The purpose of this is to shame and/or intimidate the voters into changing their votes at the next election and passing the school bonds. Some municipalities aren’t waiting until after this year’s election day. They are engaging instead in preemptive strikes.

Take the case of Eureka, a modest-sized county seat on California’s north coast — redwood country. Like many California cities it has had to make do with less money than was due it for a dozen years now. That is how long the state has been helping itself to funds collected on behalf of counties and cities. It has been doing this to try to pay for the profligacy of the state legislature and the there’s-no-tomorrow attitude of voters who pass initiatives and referenda that sound good, but are ruinously expensive.

In 1994, to make up for the lost revenue, Eureka added a three percent surtax on utility bills for residences and businesses. It is now before the voters for renewal. (As Ronald Reagan once said, “There is nothing quite so permanent as a temporary tax.”)

This is where the preemptive strike comes in. First the city’s Finance Advisory Committee was asked to assess the impact of a defeat of Measure U at the polls. City department heads were to detail the impact of a seven percent across-the-board cut in funds (the utility surtax brings in $1.4 million annually).

Then, during the late summer the city manager made the rounds of civic organizations. He was careful to point out that he was not speaking for or against the measure, but simply “explaining” the probable cuts in service that would occur if it failed.

Next, the fire chief hit the rubber chicken circuit. He said reaction time to emergencies would suffer and there would be more injuries and deaths as a result of the shutdown of equipment. The police chief did the same. Drug-related crimes would increase. Gang violence would become a bigger problem. As a postscript to all this, an assistant city manager bemoaned the impact on the city’s children. A youth center would close. No more summer swimming or roller skating program.

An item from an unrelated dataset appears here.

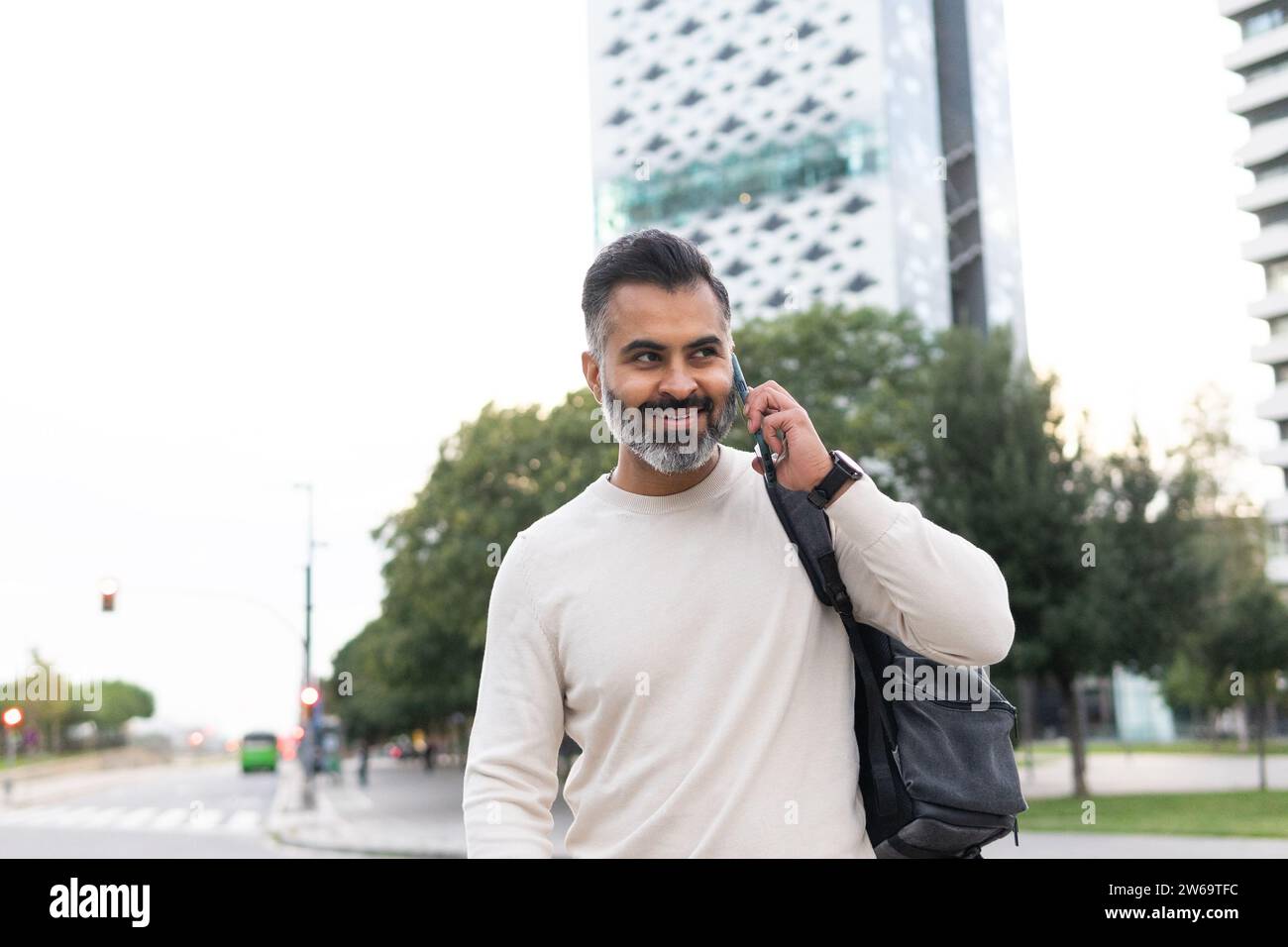 Uomo d'affari indiano barbuto positivo con zaino sorridente e che parla sullo smartphone su sfondo urbano sfocato Foto Stock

You get the point: It’s deja vu all over again, as in no-more-high-school-football.

It doesn’t have to be that way, critics say. One points out that the city’s population has declined by three percent over the last 10 years, while the city staff has increased in size by 14 percent and the general fund budget by 51 percent. The city’s budget, adjusted for inflation, equals $562 per capita, which is 69 to 98 percent greater than that of nearby cities.

The city is owed several million dollars by its redevelopment agency which, in turn, owns a good deal of unused land. Because of a quirk in the law, the redevelopment agency does not have to pay back the city loans it received so long as it operates at a deficit. You will not be surprised to learn that it manages to operate at a deficit year after year and much of the land it has acquired remains undisturbed. Collect the loans and sell the land, the critics say, and the proceeds would more than make up for the loss of funds from the utility tax for years to come.

City officials say extension of the tax is needed because of the state raid on funds. Yet, the nearby cities have had the same problem and have much lower per-capita budgets. Furthermore, there will be relief beginning next July, when a ballot measure that passed in 2004 will sharply reduce the state’s pick-pocketing of municipal funds.

While the national media are obsessed with Rep. Foley’s e-mails to House pages and North Korea’s outrageous behavior, the folks in Eureka, California — like voters in many other communities — are focusing on local bread-and-butter issues.